### WHAT TO DO
Report the count of lines in the records that contain "Soft", without any added text.

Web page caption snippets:

◇ ◇ ◇ ◇

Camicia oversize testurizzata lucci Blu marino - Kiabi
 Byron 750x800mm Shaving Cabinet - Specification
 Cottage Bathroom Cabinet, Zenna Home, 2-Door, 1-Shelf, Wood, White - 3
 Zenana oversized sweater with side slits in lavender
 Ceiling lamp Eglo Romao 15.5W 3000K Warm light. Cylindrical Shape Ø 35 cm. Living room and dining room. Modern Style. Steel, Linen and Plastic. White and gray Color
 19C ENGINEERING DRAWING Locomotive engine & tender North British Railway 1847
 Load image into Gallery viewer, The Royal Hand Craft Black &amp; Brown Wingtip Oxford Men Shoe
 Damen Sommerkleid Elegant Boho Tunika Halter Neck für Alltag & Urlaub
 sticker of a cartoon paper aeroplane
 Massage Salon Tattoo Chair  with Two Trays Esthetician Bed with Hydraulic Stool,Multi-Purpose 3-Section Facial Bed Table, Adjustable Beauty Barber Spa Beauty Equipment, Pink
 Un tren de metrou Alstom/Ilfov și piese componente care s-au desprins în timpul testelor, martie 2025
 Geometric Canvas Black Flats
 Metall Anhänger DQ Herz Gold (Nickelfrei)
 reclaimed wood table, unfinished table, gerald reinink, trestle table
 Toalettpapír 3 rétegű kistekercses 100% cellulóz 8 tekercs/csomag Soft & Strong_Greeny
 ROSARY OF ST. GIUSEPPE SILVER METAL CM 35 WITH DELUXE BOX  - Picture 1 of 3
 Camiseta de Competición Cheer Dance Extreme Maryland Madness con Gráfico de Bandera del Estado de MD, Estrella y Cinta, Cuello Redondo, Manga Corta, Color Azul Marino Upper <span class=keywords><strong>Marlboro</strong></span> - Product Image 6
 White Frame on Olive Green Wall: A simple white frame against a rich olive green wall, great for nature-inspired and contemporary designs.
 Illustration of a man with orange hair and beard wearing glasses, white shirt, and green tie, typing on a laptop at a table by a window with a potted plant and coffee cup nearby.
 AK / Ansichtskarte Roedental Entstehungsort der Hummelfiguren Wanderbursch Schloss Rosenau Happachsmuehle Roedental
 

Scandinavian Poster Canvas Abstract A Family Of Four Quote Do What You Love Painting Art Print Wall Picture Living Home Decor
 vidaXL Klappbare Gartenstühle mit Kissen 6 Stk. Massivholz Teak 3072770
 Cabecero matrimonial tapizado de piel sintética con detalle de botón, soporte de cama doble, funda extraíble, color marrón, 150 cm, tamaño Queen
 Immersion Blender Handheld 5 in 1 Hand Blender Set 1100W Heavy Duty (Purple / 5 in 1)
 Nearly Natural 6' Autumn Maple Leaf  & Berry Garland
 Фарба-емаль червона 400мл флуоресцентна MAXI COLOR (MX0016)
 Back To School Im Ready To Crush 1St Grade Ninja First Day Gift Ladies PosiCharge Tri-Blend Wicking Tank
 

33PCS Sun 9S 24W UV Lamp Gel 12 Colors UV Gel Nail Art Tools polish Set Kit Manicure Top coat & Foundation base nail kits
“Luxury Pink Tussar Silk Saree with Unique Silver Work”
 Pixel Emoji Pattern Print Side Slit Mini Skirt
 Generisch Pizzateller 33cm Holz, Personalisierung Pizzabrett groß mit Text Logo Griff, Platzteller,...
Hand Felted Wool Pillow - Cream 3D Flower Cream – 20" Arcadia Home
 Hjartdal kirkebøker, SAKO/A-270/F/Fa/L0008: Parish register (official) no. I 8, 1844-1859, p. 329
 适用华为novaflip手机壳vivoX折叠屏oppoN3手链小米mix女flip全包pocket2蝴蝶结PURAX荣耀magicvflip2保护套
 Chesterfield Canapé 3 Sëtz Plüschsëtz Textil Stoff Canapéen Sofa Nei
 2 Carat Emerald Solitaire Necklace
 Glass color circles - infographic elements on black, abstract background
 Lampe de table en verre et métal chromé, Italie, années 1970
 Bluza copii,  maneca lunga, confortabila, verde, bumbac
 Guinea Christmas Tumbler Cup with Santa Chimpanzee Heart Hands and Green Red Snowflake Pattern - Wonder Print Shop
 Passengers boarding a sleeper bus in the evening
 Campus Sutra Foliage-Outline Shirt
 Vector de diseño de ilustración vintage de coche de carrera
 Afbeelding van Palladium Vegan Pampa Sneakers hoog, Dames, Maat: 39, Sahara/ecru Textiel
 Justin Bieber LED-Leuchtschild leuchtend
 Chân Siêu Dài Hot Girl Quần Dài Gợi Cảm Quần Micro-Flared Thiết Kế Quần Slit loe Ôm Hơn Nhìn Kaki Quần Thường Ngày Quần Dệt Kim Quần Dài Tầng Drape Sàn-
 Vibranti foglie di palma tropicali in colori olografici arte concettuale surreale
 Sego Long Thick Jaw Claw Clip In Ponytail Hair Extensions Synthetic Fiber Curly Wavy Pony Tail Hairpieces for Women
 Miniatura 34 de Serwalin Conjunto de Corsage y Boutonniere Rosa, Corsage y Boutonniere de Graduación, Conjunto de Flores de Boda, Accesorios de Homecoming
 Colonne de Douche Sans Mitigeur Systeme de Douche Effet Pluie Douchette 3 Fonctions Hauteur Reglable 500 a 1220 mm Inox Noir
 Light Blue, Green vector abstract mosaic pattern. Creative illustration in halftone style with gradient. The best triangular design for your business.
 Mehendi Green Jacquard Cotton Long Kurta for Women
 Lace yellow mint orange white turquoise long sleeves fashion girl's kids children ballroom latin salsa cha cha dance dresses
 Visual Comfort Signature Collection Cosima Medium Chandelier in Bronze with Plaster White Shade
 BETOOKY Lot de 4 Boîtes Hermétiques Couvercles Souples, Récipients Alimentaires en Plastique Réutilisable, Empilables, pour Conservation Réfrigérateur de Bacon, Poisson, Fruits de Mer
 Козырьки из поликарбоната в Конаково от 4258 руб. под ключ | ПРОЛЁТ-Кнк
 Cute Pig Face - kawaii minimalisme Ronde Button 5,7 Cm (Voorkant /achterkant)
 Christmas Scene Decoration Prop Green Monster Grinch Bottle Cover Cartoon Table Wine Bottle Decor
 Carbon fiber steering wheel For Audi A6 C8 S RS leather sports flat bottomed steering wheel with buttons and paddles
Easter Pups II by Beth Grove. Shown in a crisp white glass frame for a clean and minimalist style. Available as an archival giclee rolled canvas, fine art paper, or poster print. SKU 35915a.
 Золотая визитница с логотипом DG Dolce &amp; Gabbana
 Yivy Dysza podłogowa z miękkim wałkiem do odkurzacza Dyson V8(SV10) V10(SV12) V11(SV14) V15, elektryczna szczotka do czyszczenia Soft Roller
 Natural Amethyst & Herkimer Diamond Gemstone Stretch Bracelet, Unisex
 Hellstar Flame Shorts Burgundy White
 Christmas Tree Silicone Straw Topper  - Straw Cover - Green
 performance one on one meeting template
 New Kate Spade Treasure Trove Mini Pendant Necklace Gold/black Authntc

◇ ◇ ◇ ◇

### WRITTEN ANSWER
2